◆ Data records

↓

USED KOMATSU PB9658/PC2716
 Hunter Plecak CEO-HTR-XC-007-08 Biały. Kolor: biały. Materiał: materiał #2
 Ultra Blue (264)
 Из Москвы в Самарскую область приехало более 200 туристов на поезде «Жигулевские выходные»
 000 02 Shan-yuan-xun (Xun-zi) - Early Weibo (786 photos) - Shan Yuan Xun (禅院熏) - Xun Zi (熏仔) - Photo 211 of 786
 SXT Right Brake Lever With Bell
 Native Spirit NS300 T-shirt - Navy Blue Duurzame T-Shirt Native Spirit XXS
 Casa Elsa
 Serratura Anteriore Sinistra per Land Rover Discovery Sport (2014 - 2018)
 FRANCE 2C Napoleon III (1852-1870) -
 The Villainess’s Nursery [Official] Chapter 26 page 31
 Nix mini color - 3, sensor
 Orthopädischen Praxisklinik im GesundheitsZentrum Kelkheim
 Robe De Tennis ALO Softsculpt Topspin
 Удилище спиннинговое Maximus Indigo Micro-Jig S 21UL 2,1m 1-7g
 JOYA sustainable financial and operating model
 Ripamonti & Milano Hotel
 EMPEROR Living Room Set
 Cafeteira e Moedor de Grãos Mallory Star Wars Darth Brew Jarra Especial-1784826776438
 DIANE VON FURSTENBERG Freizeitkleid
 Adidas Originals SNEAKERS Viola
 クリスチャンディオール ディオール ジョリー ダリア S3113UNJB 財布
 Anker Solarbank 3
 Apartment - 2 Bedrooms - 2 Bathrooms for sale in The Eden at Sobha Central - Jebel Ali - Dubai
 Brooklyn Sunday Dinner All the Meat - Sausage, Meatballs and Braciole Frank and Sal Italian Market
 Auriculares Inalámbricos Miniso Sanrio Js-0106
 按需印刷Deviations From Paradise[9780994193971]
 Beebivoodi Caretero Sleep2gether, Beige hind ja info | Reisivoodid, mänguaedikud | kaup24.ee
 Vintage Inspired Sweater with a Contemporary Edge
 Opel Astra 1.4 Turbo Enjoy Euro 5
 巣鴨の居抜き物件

↑

◆ Work instruction
Each line from the one that contains "Beebivoodi Caretero Sleep2gether, Beige" through the last line of the listing above should be written out exactly, and no other line.

◆ Output
 Beebivoodi Caretero Sleep2gether, Beige hind ja info | Reisivoodid, mänguaedikud | kaup24.ee
 Vintage Inspired Sweater with a Contemporary Edge
 Opel Astra 1.4 Turbo Enjoy Euro 5
 巣鴨の居抜き物件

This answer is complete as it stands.